Given data section start

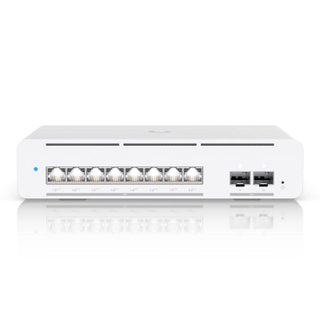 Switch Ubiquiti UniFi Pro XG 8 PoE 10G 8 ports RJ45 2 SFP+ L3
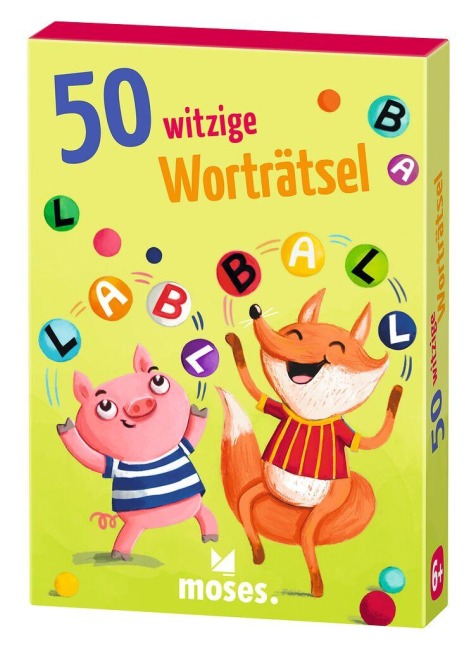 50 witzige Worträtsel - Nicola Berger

Given data section end
Given data section start

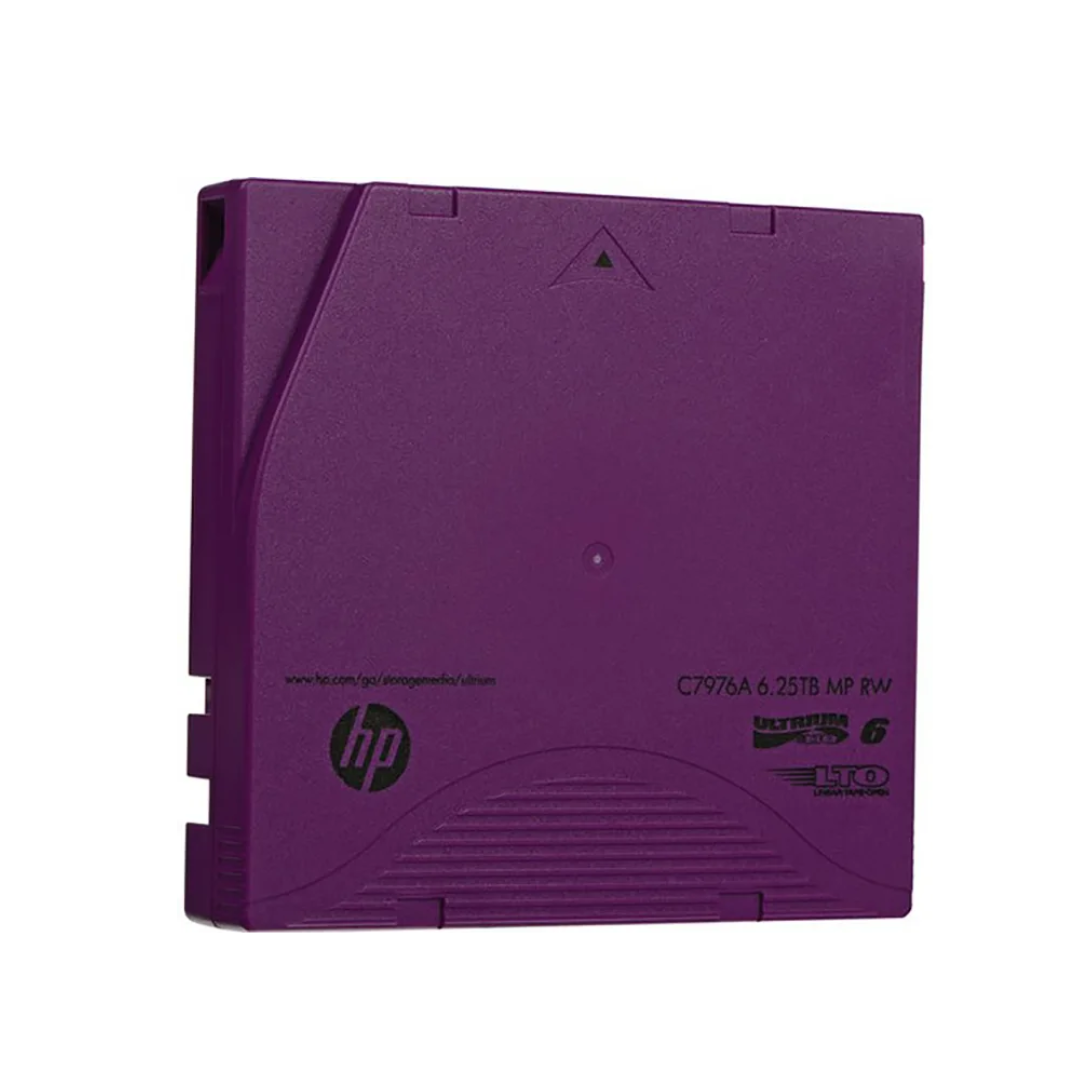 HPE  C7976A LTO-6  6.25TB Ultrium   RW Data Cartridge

Given data section end

- [To do]:
From the records above, give again only the part that opens with the line containing "Switch Ubiquiti UniFi" and closes with the line containing "50 witzige Worträtsel - Nicola Berger". Keep both ends but drop the pictures.

- [Output for this task]:
 Switch Ubiquiti UniFi Pro XG 8 PoE 10G 8 ports RJ45 2 SFP+ L3
 50 witzige Worträtsel - Nicola Berger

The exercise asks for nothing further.